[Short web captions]

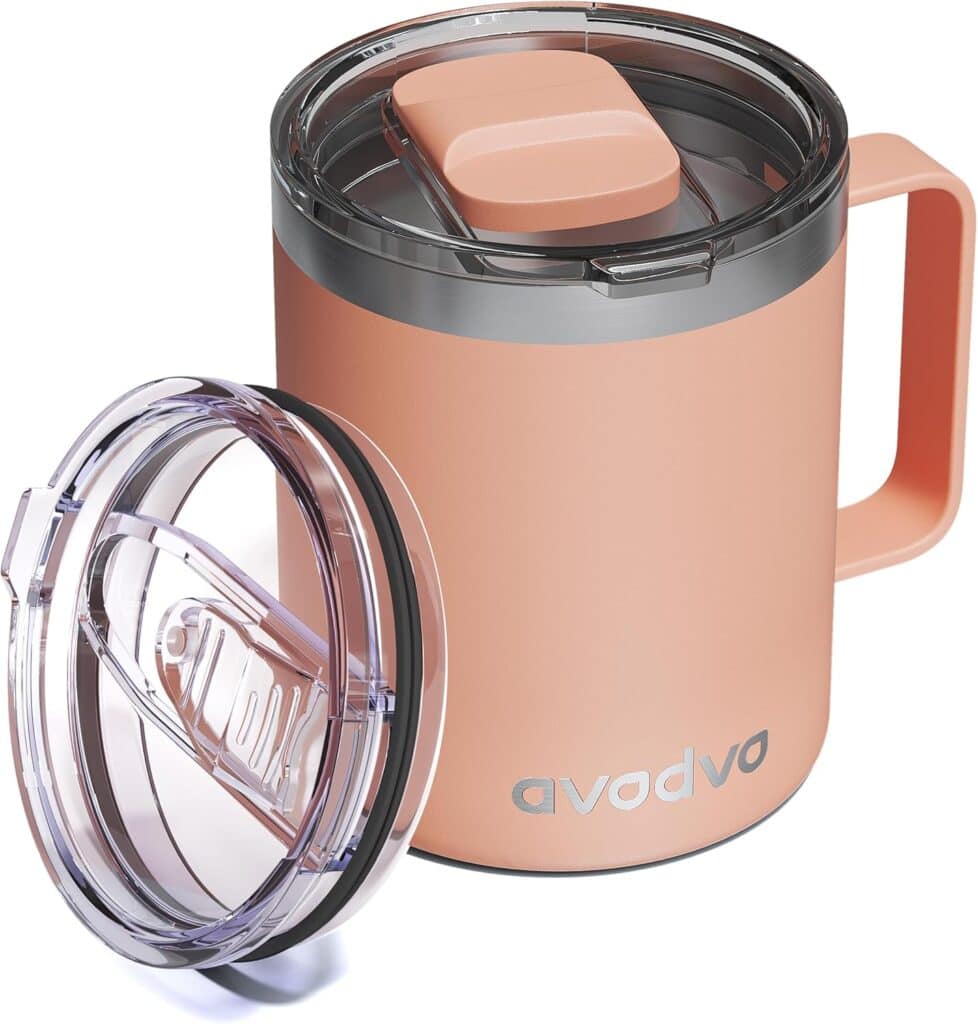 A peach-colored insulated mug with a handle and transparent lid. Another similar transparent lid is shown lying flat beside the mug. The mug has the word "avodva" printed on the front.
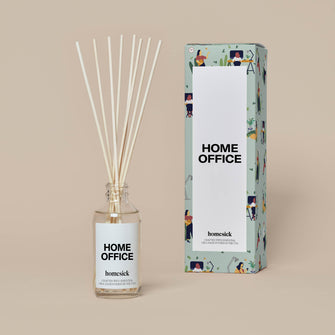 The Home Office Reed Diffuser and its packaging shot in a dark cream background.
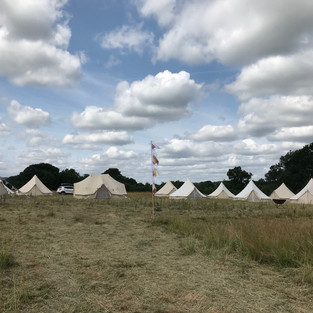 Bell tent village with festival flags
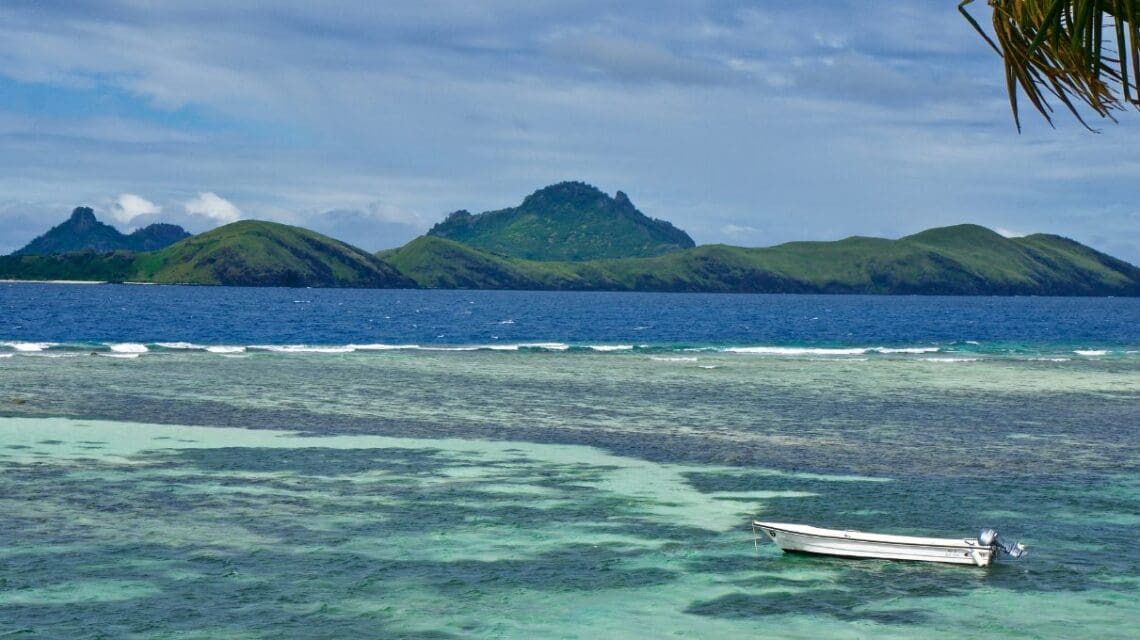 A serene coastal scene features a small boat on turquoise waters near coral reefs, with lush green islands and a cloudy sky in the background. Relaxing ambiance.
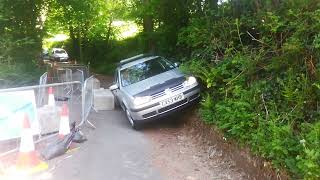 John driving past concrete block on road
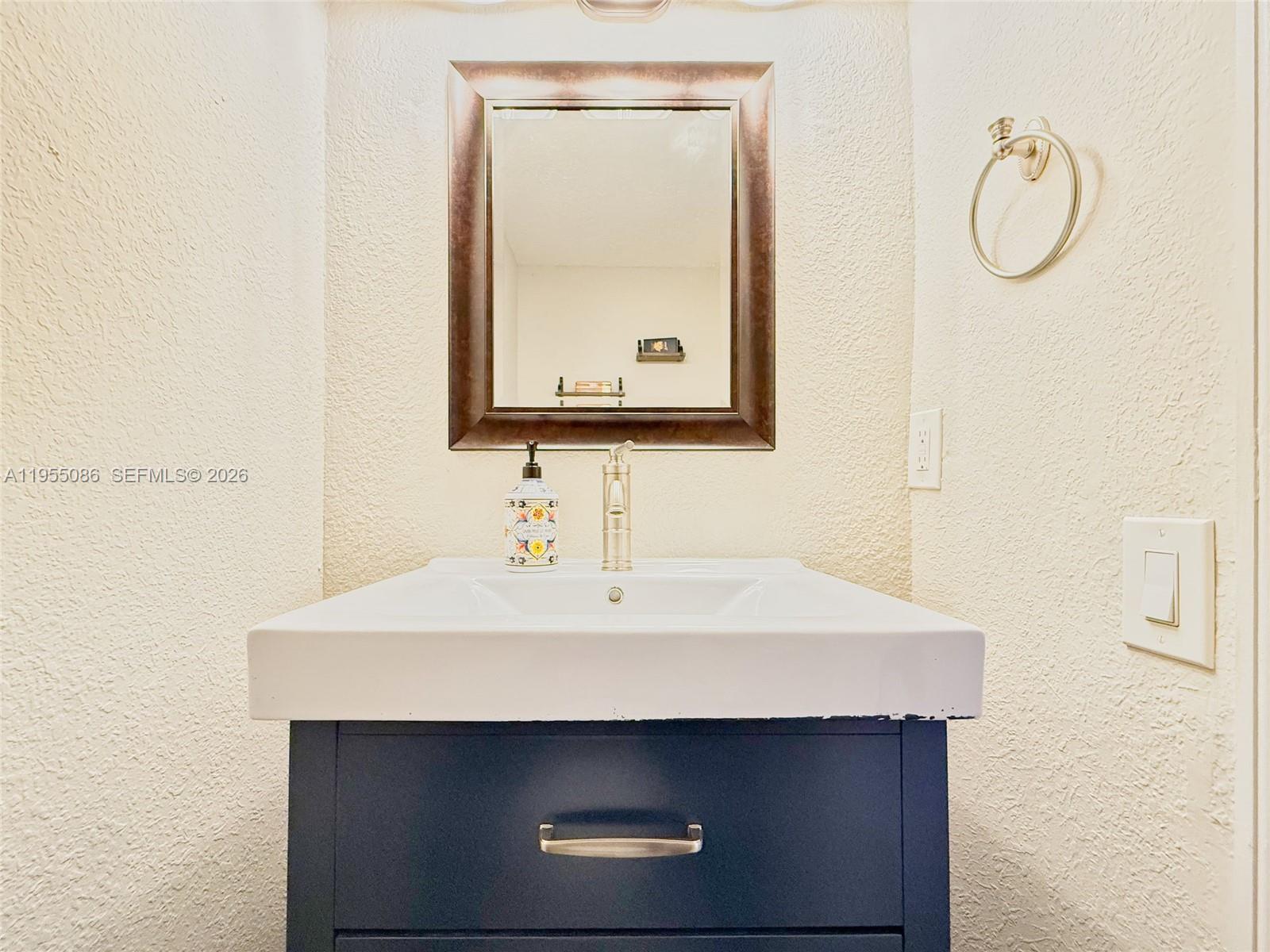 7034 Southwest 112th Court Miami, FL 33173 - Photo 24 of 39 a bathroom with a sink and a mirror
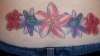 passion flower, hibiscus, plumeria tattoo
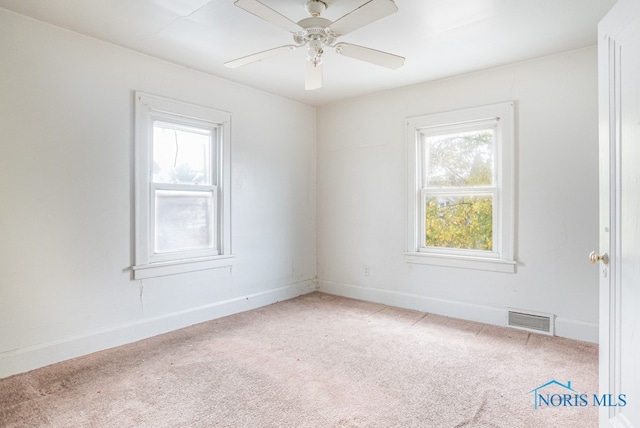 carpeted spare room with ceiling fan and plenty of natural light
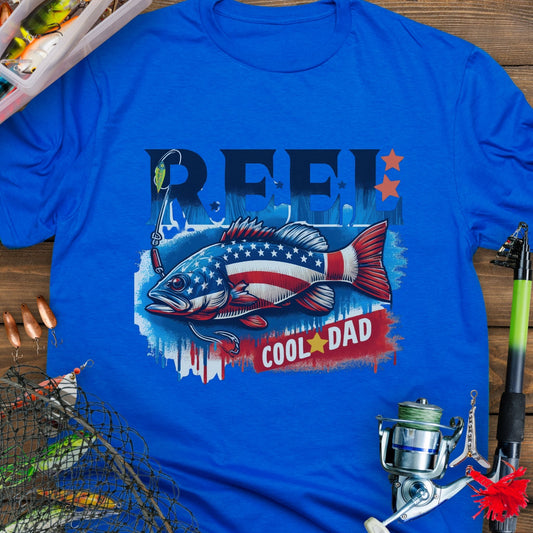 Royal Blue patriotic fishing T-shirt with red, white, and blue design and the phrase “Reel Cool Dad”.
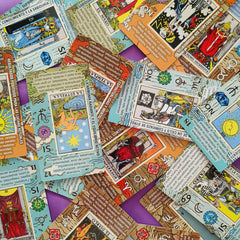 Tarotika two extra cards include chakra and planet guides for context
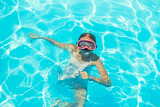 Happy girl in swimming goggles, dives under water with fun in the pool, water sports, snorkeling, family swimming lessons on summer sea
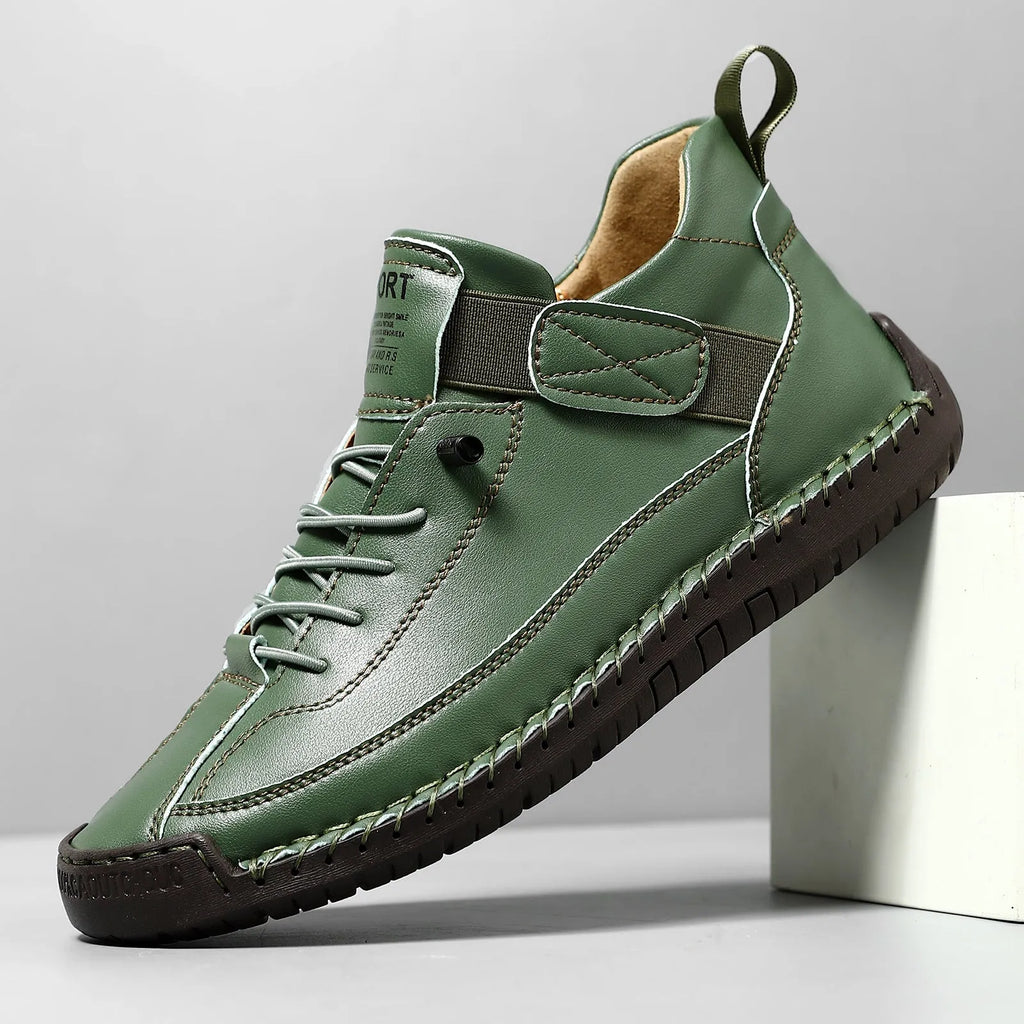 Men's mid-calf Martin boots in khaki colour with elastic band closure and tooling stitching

## Work instructions:
Give the lines again exactly, starting where the entries begin and stopping once the line with "Bell tent village with festival flags" is included; pictures are not copied.

## Response area:
 A peach-colored insulated mug with a handle and transparent lid. Another similar transparent lid is shown lying flat beside the mug. The mug has the word "avodva" printed on the front.
 The Home Office Reed Diffuser and its packaging shot in a dark cream background.
 Bell tent village with festival flags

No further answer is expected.